#### [Task statement]
How many lines in the records below contain "Hotel"? Reply with the number alone.

(Records drawn from a dataset)
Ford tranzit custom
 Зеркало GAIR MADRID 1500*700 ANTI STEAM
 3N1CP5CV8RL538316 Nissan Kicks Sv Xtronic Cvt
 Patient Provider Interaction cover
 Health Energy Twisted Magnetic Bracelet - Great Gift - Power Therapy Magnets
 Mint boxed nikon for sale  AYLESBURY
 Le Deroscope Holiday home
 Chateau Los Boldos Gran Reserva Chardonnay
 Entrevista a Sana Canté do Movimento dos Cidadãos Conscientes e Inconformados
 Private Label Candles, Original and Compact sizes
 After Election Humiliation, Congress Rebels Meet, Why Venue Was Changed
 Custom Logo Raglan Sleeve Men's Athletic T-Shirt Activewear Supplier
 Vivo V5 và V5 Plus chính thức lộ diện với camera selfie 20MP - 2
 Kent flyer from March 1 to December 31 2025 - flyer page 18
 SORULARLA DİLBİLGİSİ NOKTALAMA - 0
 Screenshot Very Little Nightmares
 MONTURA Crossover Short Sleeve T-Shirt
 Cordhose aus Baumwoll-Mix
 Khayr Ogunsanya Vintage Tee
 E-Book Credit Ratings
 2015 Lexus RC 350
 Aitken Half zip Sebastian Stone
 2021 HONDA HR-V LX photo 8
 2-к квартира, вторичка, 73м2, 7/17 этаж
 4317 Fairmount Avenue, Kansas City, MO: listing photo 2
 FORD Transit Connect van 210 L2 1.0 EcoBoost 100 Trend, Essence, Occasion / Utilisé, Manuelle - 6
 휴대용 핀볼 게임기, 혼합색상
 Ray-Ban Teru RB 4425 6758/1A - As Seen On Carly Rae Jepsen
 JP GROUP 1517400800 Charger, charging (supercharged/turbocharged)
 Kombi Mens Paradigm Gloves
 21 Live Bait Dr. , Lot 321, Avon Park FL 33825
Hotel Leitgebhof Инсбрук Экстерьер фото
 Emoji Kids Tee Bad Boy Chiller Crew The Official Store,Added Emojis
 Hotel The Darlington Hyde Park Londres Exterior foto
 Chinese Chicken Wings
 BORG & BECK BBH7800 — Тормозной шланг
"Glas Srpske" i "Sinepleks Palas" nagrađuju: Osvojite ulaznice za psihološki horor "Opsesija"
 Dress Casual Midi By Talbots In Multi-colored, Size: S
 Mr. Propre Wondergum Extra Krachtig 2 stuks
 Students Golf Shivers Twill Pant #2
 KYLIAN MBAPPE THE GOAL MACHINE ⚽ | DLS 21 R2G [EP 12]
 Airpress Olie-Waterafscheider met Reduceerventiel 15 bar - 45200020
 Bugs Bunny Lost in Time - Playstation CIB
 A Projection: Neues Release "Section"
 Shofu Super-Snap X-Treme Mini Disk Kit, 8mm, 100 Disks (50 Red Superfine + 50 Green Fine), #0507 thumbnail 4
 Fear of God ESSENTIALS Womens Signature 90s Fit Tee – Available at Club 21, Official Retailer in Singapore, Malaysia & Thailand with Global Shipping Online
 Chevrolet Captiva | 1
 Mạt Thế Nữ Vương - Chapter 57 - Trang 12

#### [Written answer]
2